Of all the license types available to cannabis business operators, the microbusiness license is among the least issued and discussed. Countless cannabis businesses of varying sizes are vertically integrated, with many holding licenses for multiple activities at the same location. Depending on state and local regulations, licensees frequently choose to cultivate, process, and sell cannabis out of the same business.
Microbusiness licenses offer a unique opportunity in the industry, but not without caveats. While the goal of achieving thriving craft cannabis is a continuous challenge for the industry, restrictions on canopy size, production capacity, and business structure may make microbusiness ownership difficult.
This article will explore the opportunities and limitations for microbusiness licensing in the three markets currently allowing this business type – California, Massachusetts, and Michigan.

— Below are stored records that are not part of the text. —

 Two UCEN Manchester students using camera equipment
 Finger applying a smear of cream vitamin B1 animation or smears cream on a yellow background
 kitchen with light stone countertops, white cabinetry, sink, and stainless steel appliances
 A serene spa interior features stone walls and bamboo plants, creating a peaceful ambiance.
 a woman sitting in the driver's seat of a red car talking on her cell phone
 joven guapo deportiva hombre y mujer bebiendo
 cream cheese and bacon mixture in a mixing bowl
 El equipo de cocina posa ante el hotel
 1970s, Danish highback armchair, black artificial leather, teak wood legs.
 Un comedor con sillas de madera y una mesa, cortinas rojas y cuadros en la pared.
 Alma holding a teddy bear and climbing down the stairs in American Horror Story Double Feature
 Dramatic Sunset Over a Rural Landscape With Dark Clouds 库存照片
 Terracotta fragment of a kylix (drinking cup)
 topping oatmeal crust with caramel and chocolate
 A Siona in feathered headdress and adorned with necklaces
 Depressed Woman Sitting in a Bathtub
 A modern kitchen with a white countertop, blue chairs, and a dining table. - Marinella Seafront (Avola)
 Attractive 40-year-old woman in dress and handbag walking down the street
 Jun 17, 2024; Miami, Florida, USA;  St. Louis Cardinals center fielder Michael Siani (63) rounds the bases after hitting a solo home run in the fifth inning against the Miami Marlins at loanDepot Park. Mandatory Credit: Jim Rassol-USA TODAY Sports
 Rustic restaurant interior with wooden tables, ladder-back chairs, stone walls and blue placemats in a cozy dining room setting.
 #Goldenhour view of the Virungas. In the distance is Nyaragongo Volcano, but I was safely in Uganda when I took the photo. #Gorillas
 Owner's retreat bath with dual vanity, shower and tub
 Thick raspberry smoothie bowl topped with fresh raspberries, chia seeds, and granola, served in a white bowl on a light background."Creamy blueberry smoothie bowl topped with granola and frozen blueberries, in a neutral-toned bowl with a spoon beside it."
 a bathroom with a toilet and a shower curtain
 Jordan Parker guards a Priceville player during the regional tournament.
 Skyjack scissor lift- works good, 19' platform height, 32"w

Compared to dispensary and cultivation licenses, microbusinesses are a relatively recent evolution for America’s cannabis industry, with only three states currently accepting applications: California, Massachusetts, and Michigan.
California and Massachusetts established this new license type after voters approved legalization ballot measures in 2016, with Michigan following in 2018. This is noteworthy as Massachusetts and Michigan’s microbusiness licenses are not considered part of the medical cannabis program infrastructure. California allows for medical microbusiness licensing — offering an opportunity in the many communities which remain unfriendly to adult use businesses and sales.
California’s transition from a gray market to a licensed one began with attempts to regulate medical cannabis (2015) and voter-approved adult use legalization (2016). Mandatory licensing launched in early 2018. At that time, some patient collectives and dispensaries opted to pursue a state license as a microbusiness with on-site cultivation, manufacturing, and/or distribution, instead of licensure as a standalone retailer.
As Cannabiz Media’s Ed Keating wrote in a California microbusiness Cannacurio last spring, activities include limited cultivation and manufacturing, distribution, retail, and delivery. At that time, nearly three-quarters of licenses were authorized to engage in three activities — the state’s minimum — and distribution and manufacturing were among the most commonly occurring choices.
These small businesses have cultivation limitations (a 10,000 square foot canopy maximum) as well as manufacturing limits (non-volatile solvents only), as shown in the table below. The application fee is the same as other Bureau of Cannabis Control licenses, while renewal fees vary on a sliding scale based on gross annual revenue. Since the market’s launch, California has remained the leader in microbusiness licensing, with nearly 300 currently operating.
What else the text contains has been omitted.